Though the value of land in other parts of Lagos dropped, with Victoria Island slumping from N430,000/$2.18 per square metre in 2016 to N312, 000/$0.86 per square metre in June 2017, representing a 27 percent drop, places like Lekki Phase 1, Agungi also in Lekki, and Abraham Adesanya area, appreciated 12 percent, 12 percent and 13 percent respectively.
Prices of land in Lekki Phase 1, Agungi and Abraham Adesanya rose from N125,000/$620, N75, 000/$380 and N30,000/$150 respectively in 2016 to N140,000/$1,200, N84,000/$230 and N34,000/$90 respectively, in June 2017.
Demand for and investment in real estate, particularly land, usually follow major developments like the LFTZ, which is an emerging business hub in the Lekki axis of Lagos. The 650,000-barrel per day Dangote Refinery, expected to come on stream in the first quarter of 2019 is also a major development.
The Dangote refinery is the largest industrial undertaking in Nigeria. It includes the refinery, which is meant to refine 650,000 barrels of oil per day and is, by all projection, the largest in the world. There is also the petrochemical and fertiliser plant, which is also projected to be the largest in the world.
“I think it is an incredible industrial undertaking in the country and most ambitious in Africa today. It is really inspiring,” said Yemi Osinbajo, Nigeria’s Acting President, during a tour of the free trade zone.
Apart from Dangote refinery, other investments have been made in the free zone and as at the first quarter of this year, Akinwunmi Ambode, Lagos State governor, estimated that $6 billion had been committed in the LFTZ, which sits on about 16,000 hectares of land.
“You can just visualise what that means to the economy of Lagos. Direct jobs to be created here are 135,000 people and indirect jobs 100,000 people”, the governor said, disclosing that about $62 million will be invested in the free trade zone by a partnership between his state and its Chinese partners.
All these workers will need accommodation one way or another, meaning that the current rise in the value of land in this axis is just a tip of the iceberg, in terms of opportunities that await those who are smart and savvy enough to invest now.
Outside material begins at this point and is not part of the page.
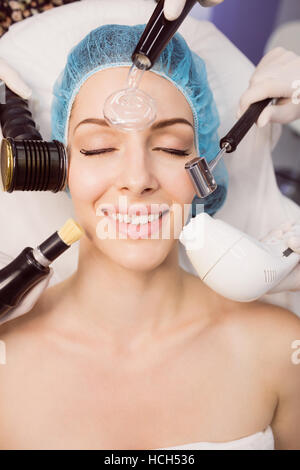Donna ricevere trattamento cosmetico Foto Stock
Analysts say the value of land may rise over 100 percent in the next two years when the refinery becomes operational.
Aliko Dangote, the president of the Dangote Group, hopes that by the time his company finishes these investments, especially the gas pipeline, Lagos can run without any interruption of electricity supply. “It will be as good as living in London, where you don’t see power outage”, the business mogul assured, adding, “that is because we can supply power from here to anywhere; that means tripling the Gross Domestic Product of Lagos State and creating a lot of economic activities.”
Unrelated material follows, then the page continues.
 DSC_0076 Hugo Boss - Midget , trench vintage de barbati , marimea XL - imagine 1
It is against this backdrop that speculators have swooped on this part of Lagos and are pushing the value up with all the resources they can muster. Again, the centrality of land to the development of real estate remains immovable and according to Tayo Odunsi, CEO, Northcourt Real Estate, it was unchallenged in the first half of this year.
Daramola Akindolire, Executive Director, Real Estate at AMFacilities, agrees, stressing that land is so central to real estate that it is today, the most sought after by investors, especially Diaspora Nigerians.
According to him, “land is at the core of real estate investment”, disclosing that their site and serviced scheme in the Lekki area of Lagos is almost sold out, while they could not sell many units in the estate project they started some years ago.